I think for everyone there are those few people that have something special about them and help you get through these rough years of life. You don't even have to know them personally but they mean a lot to you anyway. Everything about their being makes you realize that there are good people out there and you are loved. They are the ones that you're blessed to have crossed paths with, even if it was just for a second. For me that person was and still is Sierra Deaton.
Just a few weeks ago, I gave Sierra my giving key with the word DREAM on it. She has taught me so much. If anything she's the biggest dreamer of all. She too has had her struggles before she even could even envision her dreams, yet overcame them. Even while trying to accomplish her dreams, she's faced trials that she surpassed, proving not only to herself that she's stronger than she thought but to the astonishment of everyone else also. She has taught me that problems, difficulties, circumstances etc. shouldn't stop someone from dreaming because all dreams are possible if you don't stop believing them (as cliche as that sounds)! She has taught me that despite all the bad evil and cruel things/people in the world, there are still people that are innately good. She's taught me kindness and positivity are key. Never let the world turn you into stone! She's so beyond talented as a performer but the beauty that flows from within her is what truly makes her special to me.

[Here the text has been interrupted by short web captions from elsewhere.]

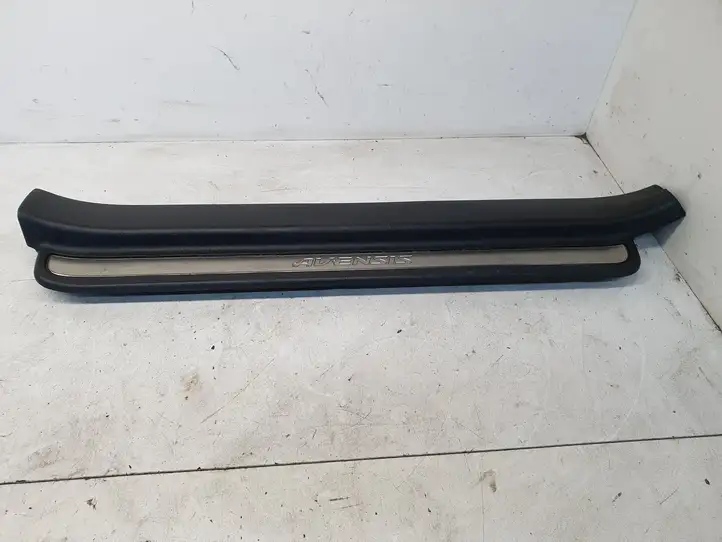 Toyota Avensis T250 (2006 - 2009) 6791405050 Внутренняя отделка переднего порога — фото 1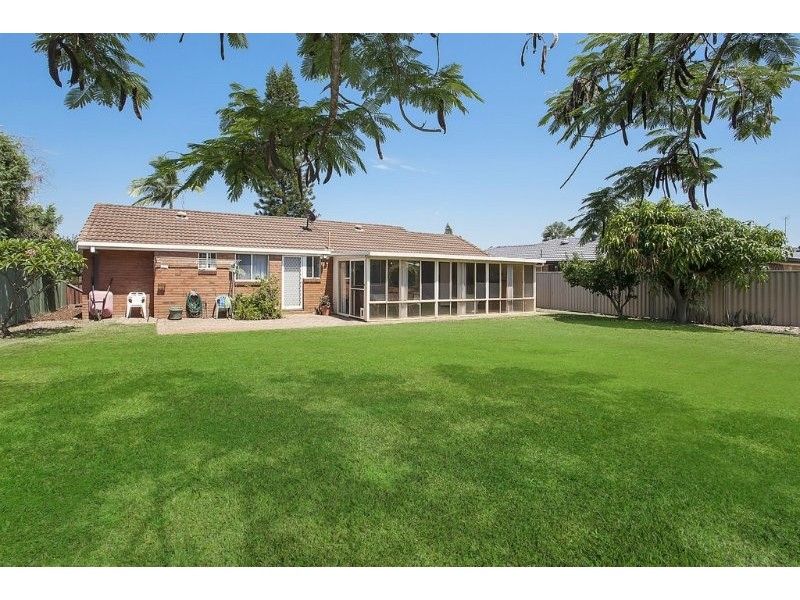 3 Wendoree Way, Coombabah QLD 4216
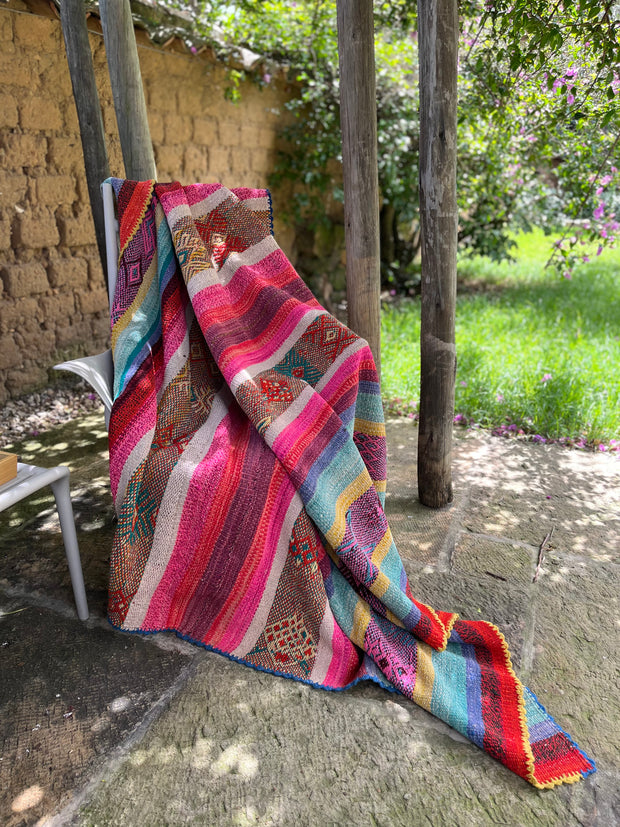 <h2>Alfombra PAZ</h2>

I remember holding on to my giving key necklace on the darkest of nights and repeating the word dream to myself and my mind automatically drew to her and that made me smile and hold on a little longer which is why I gave the key to her. I gave it to her because she's the dreamer that doesn't/didn't stop dreaming and I really do believe that her dream of impacting the world in a positive way is happening day by day.
Words can not express how thankful I am to know who she is and what she stands for. It has made me a better and stronger person. Little does she know how much that little piece of metal with that 5 letter word means to me and I hope it becomes something meaningful to her. She's not only taught me to dream but she has inspired me. There is not enough gratitude or love to capture what she's done for me.